- The Washington Times - Tuesday, January 26, 2010


Through a series of backroom deals, Big Labor’s construction interests have been receiving big hand outs from the Obama administration.

Before the sweetheart deal recently folded into the health care bill exempting unions from Cadillac health care tax penalties, Congress had already added labor-friendly pork to the colossal health care bill.

Five new paragraphs in Senate Majority Leader Harry Reid’s 383-page manager’s amendment require construction contractors with only five full-time employees and at least $250,000 in payroll to provide employee health insurance benefits or pay a fine. The amendment, introduced by Sen. Jeff Merkley, Oregon Democrat, on behalf of his union patrons, treats the construction industry differently than all other industries. For small businesses in every other industry, the health care exemption applies to small businesses with less than 50 employees: a 10-fold difference. The move will impose astronomical costs on small construction employers who cannot afford health insurance to begin with, and inevitably cause more job-loss in an industry already seeing 22 percent unemployment and profit margins in the low single digits.

I suppose this shouldn’t be all that shocking. After all, this Congress has wasted considerable time and effort working behind closed doors on ways to cram the Employee (Forced) Choice Act down our throats. Fortunately, the recent election of Massachusetts Republican Scott Brown to the Senate may put a temporary halt to that unhappy prospect.

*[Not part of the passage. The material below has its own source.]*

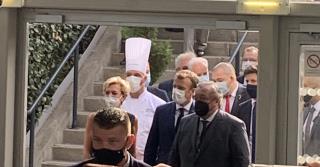 Emmanuel Macron en visite au Sirha à Lyon, entourée de Marie-Odile Fondeur, directrice du Sirha et...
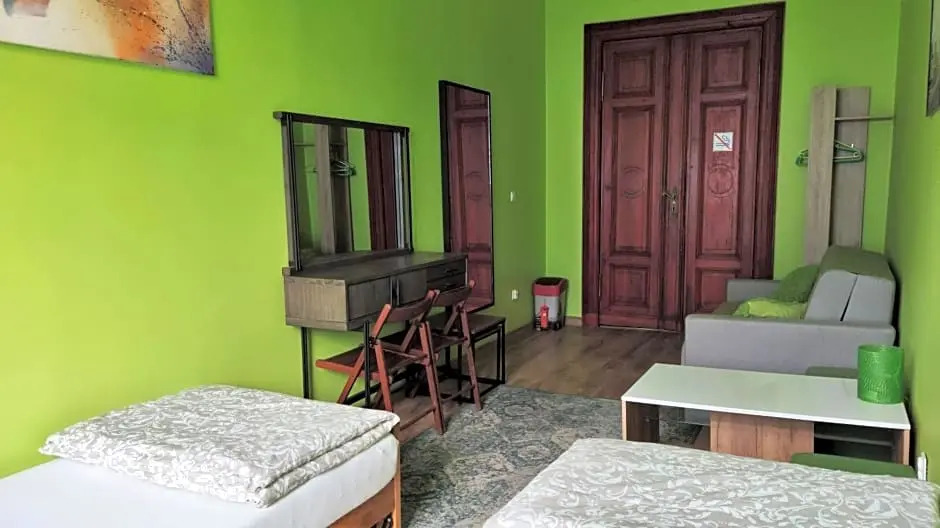 Babel Hostel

So, the District of Columbia is about to witness one of those unhappy occasions where local events become a symptom of the nation’s policy problems We’ll learn the cost of pandering to Big Labor’s agenda through the construction and renovation of three federal buildings in Washington managed by the U.S. General Services Administration (GSA) and funded by stimulus dollars.

These projects will be large, sought-after and likely require bidders to follow pro-Big Labor guidelines set forth in discriminatory and costly project labor agreements (PLAs) that will lock out the 92 percent of the District construction workforce that doesn’t belong to a union.

PLAs give Big Labor a big advantage over nonunion contractors competing for lucrative federal contracts. Those agreements have a public record of poor performance and extra costs (see the Massachusetts Big Dig, running $14 billion over budget and counting).

In fact, the only reason PLAs are even being considered on these projects is that President Obama’s first gift to Big Labor last February included his signature on Executive Order 13502, encouraging agencies like the GSA to require PLAs on all federal jobs over $25 million. The president marketed PLAs as a way to prevent labor unrest and keep federal jobs on-time and on-budget. But a recent study by the Beacon Hill Institute in Boston undermines the claims, finding no evidence of labor unrest from 2001 to 2008 when PLAs were prohibited on federal and federally-assisted projects. In short, the report found that PLAs are a solution in search of a problem.

But Federal agency officials also don’t seem to be familiar with the extensive research showing that PLAs add an average 10-18 percent cost to every job they touch. If your community needs five schools and now you can only afford four, thank the president and his Big Labor pals.

Still who can blame the GSA? Government-mandated PLAs were virtually nonexistent during the last administration when a presidential order prohibited wasteful PLAs on such projects. And there have yet to be any government mandated-PLAs executed under Mr. Obama’s watch because the Federal Acquisition Regulatory (FAR) Council has yet to finalize his order.

Eighty-four percent of the nation’s construction workforce has chosen to work without belonging to a union. We will have to sit and wait on the FAR Council to learn the fate of open competition on job-preserving federal contracts.

As a D.C.-area nonunion contractor, I worry that the GSA’s decision to flirt with PLAs on those three projects - without waiting for the FAR Council to issue a rule - will cause chaos for area construction. Chaos in the form of litigation, badly-needed projects delayed, job-creating opportunities wasted and taxpayers cheated.

The bidding process the GSA uses is riddled with problems that decrease the number of qualified bidders and increase costs. The Washington Times, in fact, recently covered the controversy already brewing.

The truth is that all of us have a vested interest in preserving open competition in the construction industry - whether we’re a contractor or a taxpayer hoping to see our paycheck contributions used wisely. I think District residents are smart enough to know what’s in their best interest - it’s just a shame we’re being undermined by Mr. Obama’s debt to Big Labor.

Brett McMahon is vice president of Miller & Long, a concrete construction subcontractor based in Bethesda, Md., and a member of the Associated Builders and Contractors.